Let’s imagine, for example, that I’m starting a new research project – maybe on the phylogenetic relationships amongst the non-photosynthetic algae species of Polytoma. If we use paper to store our notes, I’m sunk unless I know who else may be working on that same general area (unless I want to read every notebook in the organization). That’s one great reason to use an ELN in the first place – the ability to search notebooks throughout the organization, whether it’s by keyword, filename, or even just a word that appears somewhere in the notebook.
But even most modern ELNs can’t solve this problem – because the data becomes compartmentalized. The rules that govern ELNs (21CFR11) require that data be accessed in a secure, role-based manner – meaning that if you aren’t implicitly given permission to see something, you won’t see that something – even if it something you really need to see. Notebooks created years ago before I joined the organization, or notebooks being worked on by researchers who don’t know who I am – or who don’t think I need to see their work, or don’t want me to see their work – I won’t find any of that information in my searches.
So I may think that I’m the first – and that I have to do all the grunt work of optimizing protocols and generating preliminary data – it might be six months before I’m actually making progress on my Polytoma studies.

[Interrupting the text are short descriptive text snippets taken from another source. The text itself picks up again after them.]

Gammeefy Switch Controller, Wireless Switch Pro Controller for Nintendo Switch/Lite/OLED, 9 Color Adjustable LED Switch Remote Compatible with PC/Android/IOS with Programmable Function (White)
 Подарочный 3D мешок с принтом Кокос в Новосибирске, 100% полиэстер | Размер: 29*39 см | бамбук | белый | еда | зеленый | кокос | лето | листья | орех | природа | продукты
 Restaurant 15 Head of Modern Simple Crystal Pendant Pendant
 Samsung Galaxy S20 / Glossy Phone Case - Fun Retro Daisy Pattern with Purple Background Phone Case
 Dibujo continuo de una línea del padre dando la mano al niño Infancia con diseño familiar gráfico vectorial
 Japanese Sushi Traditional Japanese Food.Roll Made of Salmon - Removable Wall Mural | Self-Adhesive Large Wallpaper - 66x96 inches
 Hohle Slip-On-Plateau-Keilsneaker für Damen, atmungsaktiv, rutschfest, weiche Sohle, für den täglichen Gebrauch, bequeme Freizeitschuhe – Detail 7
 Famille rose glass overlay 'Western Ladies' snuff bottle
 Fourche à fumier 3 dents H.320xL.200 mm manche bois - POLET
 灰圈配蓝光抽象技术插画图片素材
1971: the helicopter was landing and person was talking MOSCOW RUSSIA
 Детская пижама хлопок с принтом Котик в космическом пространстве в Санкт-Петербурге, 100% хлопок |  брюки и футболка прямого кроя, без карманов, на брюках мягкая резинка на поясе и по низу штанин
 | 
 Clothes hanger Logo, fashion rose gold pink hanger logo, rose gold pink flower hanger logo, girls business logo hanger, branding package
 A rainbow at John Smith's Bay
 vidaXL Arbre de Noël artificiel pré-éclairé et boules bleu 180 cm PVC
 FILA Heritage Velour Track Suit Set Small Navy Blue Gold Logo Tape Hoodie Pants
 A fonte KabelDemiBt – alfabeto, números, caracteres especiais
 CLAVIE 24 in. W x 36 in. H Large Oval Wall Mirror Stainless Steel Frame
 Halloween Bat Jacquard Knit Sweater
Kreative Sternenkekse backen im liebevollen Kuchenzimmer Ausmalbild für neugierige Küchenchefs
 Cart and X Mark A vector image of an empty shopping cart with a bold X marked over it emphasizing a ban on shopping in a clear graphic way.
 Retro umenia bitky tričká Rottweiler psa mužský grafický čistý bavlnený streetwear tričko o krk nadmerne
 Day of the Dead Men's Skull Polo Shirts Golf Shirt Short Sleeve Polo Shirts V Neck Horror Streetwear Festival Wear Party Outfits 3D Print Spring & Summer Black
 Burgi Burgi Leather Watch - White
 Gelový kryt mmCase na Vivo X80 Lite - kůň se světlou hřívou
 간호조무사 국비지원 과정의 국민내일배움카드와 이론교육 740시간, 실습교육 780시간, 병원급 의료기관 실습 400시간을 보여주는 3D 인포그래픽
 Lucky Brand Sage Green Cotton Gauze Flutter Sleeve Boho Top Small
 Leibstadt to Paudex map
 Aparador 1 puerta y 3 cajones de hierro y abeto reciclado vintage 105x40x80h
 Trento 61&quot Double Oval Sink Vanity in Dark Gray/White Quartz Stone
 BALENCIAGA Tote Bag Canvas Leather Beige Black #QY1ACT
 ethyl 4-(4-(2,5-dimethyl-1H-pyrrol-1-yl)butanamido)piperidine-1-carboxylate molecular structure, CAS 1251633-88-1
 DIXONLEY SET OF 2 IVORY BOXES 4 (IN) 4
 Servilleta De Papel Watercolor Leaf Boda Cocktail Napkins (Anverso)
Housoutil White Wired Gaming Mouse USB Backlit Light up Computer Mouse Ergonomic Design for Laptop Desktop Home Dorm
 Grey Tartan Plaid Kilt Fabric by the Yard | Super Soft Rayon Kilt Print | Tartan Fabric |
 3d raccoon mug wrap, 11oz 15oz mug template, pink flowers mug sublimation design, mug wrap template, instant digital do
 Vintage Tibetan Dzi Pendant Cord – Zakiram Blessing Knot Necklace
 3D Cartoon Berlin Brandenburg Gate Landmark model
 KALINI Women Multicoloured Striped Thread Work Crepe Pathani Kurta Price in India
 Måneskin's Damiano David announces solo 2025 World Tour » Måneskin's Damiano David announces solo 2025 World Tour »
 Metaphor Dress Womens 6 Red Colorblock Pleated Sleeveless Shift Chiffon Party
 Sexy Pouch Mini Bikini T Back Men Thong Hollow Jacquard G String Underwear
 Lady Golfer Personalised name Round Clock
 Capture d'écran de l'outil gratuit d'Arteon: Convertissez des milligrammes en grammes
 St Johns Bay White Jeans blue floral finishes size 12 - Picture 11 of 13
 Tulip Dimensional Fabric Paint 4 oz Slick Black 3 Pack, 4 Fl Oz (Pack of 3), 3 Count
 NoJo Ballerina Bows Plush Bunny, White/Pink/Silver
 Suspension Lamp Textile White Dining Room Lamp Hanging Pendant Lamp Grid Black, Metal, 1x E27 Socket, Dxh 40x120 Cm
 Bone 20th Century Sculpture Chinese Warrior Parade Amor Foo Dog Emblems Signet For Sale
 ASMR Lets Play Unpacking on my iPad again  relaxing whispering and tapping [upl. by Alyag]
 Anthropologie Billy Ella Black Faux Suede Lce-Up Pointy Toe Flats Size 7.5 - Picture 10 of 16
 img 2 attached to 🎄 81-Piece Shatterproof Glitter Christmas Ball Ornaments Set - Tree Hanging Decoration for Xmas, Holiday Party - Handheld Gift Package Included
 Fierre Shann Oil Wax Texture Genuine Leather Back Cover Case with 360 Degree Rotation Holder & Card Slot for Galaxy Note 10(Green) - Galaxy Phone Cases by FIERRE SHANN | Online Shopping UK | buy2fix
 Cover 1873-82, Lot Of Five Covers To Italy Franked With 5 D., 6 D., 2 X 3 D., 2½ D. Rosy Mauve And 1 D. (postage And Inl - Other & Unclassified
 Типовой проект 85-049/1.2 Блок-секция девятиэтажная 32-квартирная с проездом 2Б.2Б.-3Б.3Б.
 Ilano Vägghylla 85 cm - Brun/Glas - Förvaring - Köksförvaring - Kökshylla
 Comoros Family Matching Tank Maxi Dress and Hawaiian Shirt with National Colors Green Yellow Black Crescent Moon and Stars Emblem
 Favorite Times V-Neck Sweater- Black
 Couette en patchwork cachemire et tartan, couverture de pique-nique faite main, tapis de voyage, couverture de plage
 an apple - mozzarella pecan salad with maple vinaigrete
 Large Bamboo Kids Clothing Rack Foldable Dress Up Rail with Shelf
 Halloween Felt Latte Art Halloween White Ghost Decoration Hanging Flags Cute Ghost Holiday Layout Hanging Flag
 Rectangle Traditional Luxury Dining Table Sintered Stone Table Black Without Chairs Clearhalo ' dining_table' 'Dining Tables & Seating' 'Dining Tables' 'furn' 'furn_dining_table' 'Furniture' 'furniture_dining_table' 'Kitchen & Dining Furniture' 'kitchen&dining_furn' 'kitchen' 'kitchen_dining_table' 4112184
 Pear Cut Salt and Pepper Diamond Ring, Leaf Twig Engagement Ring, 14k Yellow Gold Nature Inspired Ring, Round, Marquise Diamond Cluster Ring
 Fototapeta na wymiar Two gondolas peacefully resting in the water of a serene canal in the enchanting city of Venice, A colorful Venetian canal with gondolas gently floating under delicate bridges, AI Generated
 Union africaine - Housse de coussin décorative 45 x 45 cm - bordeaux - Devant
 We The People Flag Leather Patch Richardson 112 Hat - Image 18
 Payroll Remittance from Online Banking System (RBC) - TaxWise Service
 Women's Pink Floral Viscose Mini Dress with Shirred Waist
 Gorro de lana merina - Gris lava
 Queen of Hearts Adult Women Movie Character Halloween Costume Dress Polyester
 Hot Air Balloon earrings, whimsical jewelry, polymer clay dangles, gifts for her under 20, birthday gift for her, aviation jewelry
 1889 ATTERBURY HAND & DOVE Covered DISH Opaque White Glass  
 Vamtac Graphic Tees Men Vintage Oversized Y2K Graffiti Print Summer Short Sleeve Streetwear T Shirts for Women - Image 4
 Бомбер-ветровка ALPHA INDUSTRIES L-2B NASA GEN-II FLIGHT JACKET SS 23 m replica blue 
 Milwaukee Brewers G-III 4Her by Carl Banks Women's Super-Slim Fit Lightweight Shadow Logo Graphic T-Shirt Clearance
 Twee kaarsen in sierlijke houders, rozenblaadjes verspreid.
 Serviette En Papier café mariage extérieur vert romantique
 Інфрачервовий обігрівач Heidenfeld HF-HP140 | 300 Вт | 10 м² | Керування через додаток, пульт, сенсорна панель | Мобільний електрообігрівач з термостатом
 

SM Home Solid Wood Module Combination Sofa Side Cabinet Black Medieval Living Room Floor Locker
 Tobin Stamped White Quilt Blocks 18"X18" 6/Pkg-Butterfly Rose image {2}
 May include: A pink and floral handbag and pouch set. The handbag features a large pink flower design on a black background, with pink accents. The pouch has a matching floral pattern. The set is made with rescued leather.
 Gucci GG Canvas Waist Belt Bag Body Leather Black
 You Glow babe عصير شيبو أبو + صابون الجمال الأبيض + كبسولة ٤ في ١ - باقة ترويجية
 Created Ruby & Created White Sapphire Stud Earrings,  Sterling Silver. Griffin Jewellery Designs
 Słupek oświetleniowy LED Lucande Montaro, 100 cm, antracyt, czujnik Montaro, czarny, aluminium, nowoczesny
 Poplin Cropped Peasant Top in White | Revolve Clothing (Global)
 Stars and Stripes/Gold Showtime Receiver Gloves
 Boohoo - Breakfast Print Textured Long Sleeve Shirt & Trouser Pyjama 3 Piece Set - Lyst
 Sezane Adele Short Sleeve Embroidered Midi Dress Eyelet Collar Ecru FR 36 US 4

That’s where (finally!) CERF ELN and Find Experts comes into play. Now instead of reinventing the wheel because it’s faster than finding the data, or because you accidentally destroyed the primary data, or because you just didn’t know you already had the data – CERF ELN lets you move forward. Finally you’re doing science the right way – building on the work of those who’ve gone before you instead of just endlessly reinventing it.